# About this task:
Each line below should be repeated exactly, but no picture should be carried over.

[Stored data]
[Start of section]
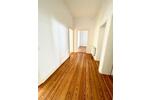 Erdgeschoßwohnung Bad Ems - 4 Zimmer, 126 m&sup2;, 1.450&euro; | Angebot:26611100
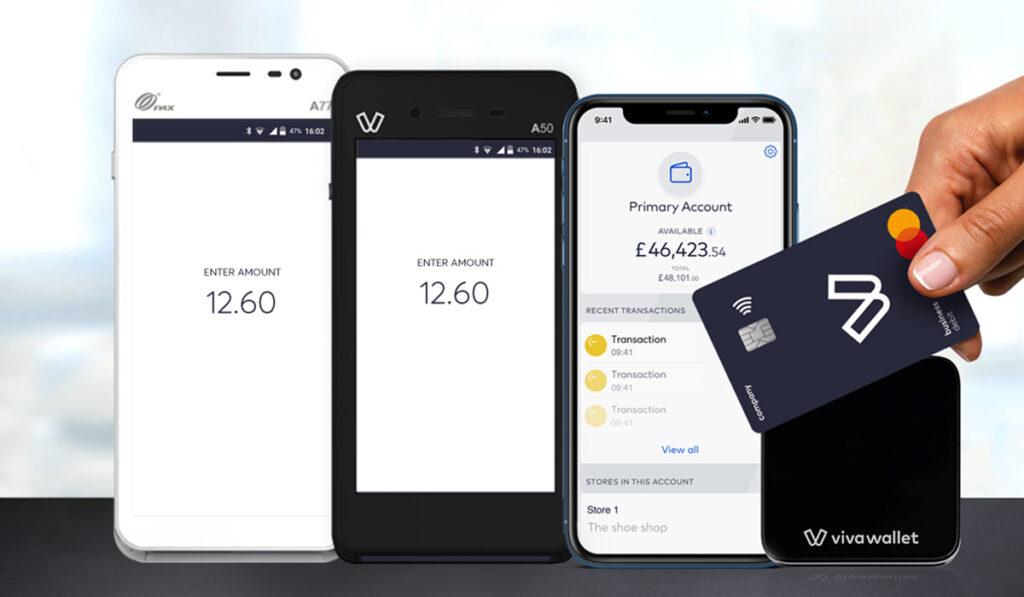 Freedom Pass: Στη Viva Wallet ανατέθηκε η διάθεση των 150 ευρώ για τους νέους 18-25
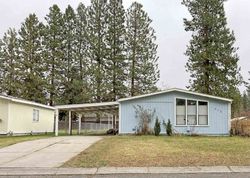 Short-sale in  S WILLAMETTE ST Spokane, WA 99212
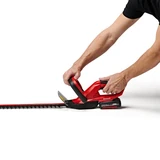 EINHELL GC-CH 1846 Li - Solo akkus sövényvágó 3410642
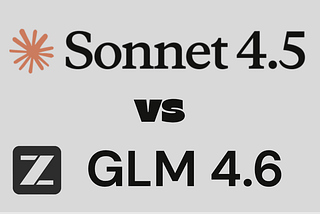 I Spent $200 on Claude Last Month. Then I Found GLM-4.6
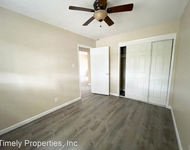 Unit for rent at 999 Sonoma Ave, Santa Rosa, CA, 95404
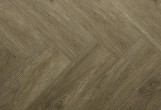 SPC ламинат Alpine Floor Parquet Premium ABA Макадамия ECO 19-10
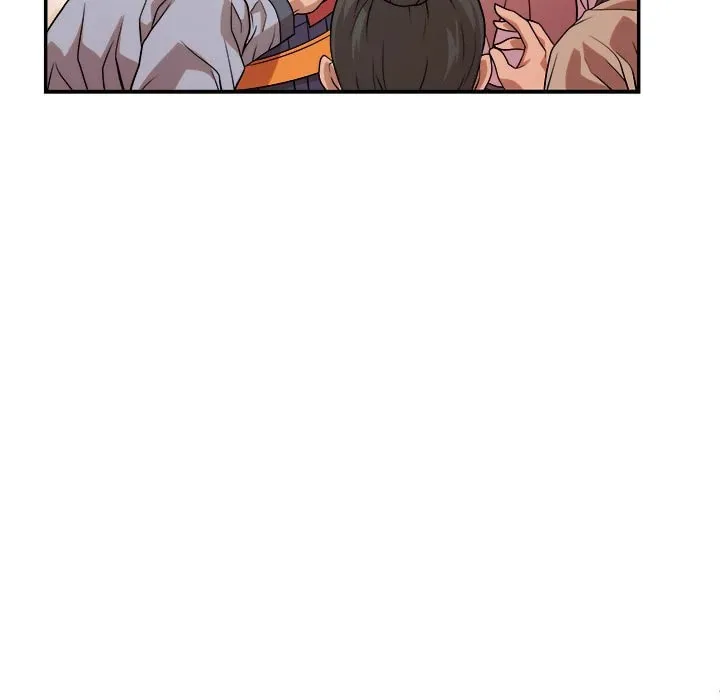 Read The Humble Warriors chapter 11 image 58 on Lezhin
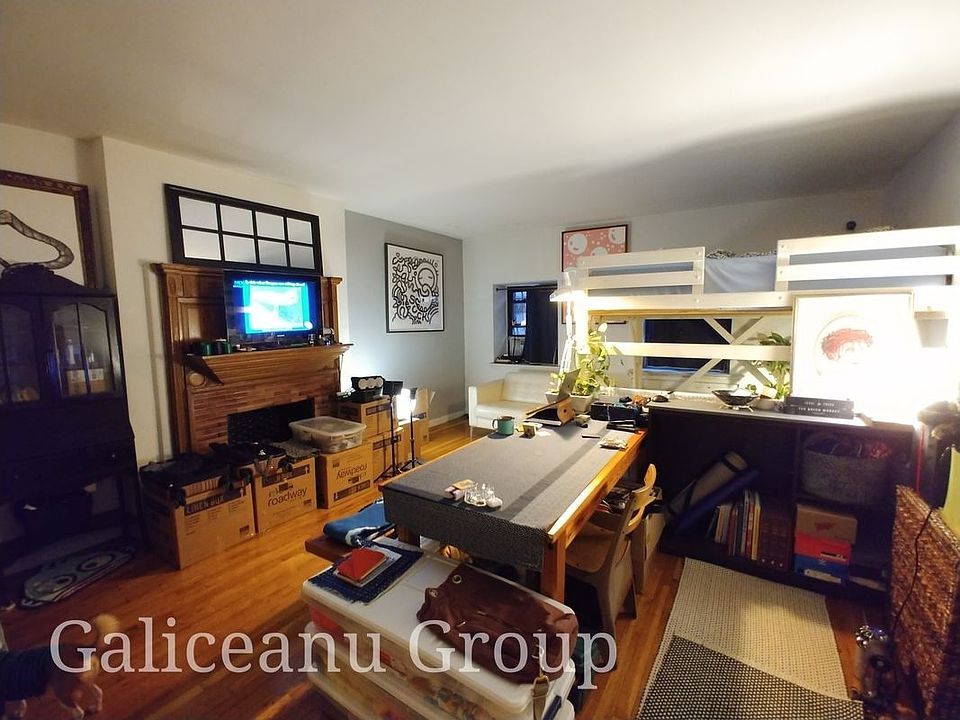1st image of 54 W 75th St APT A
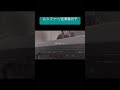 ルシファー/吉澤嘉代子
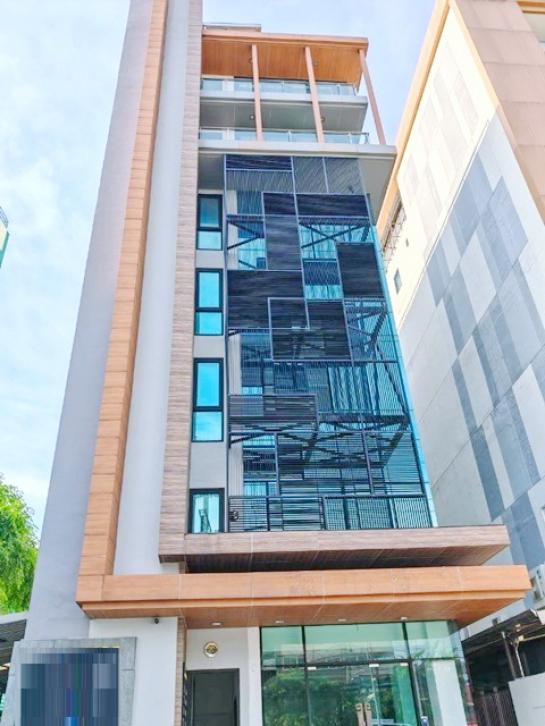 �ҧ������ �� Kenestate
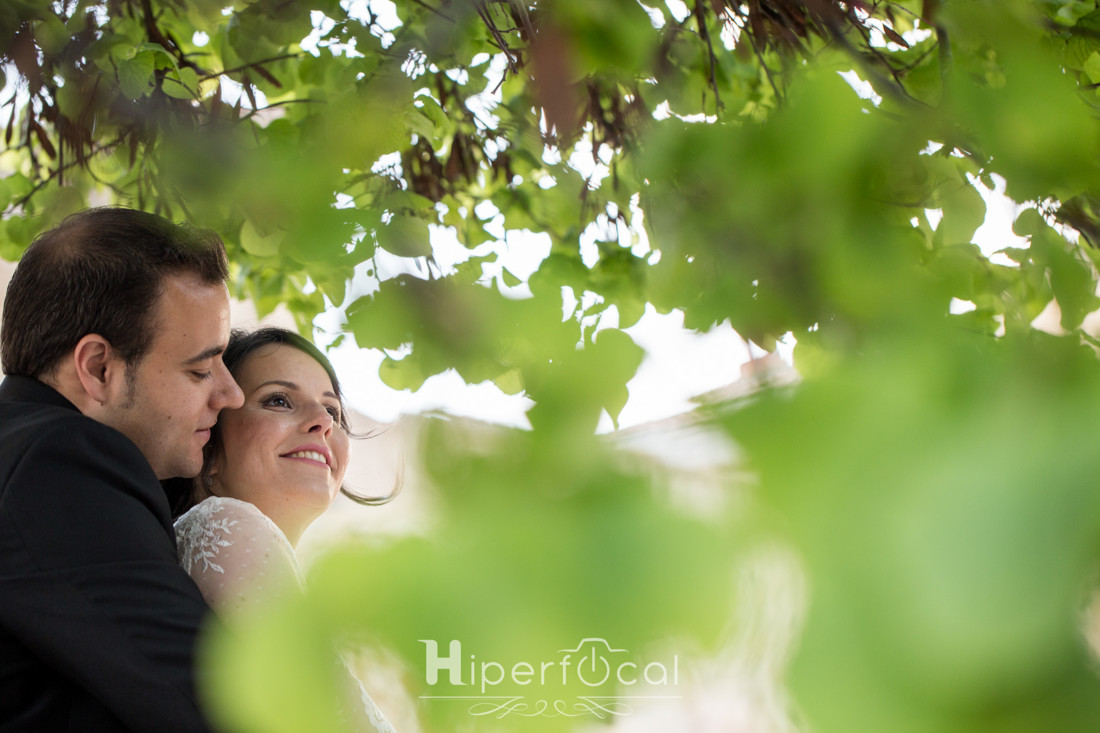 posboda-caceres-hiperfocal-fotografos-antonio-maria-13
[End of section]
# Output for this exercise:
 Erdgeschoßwohnung Bad Ems - 4 Zimmer, 126 m&sup2;, 1.450&euro; | Angebot:26611100
 Freedom Pass: Στη Viva Wallet ανατέθηκε η διάθεση των 150 ευρώ για τους νέους 18-25
 Short-sale in  S WILLAMETTE ST Spokane, WA 99212
 EINHELL GC-CH 1846 Li - Solo akkus sövényvágó 3410642
 I Spent $200 on Claude Last Month. Then I Found GLM-4.6
 Unit for rent at 999 Sonoma Ave, Santa Rosa, CA, 95404
 SPC ламинат Alpine Floor Parquet Premium ABA Макадамия ECO 19-10
 Read The Humble Warriors chapter 11 image 58 on Lezhin
1st image of 54 W 75th St APT A
 ルシファー/吉澤嘉代子
 �ҧ������ �� Kenestate
 posboda-caceres-hiperfocal-fotografos-antonio-maria-13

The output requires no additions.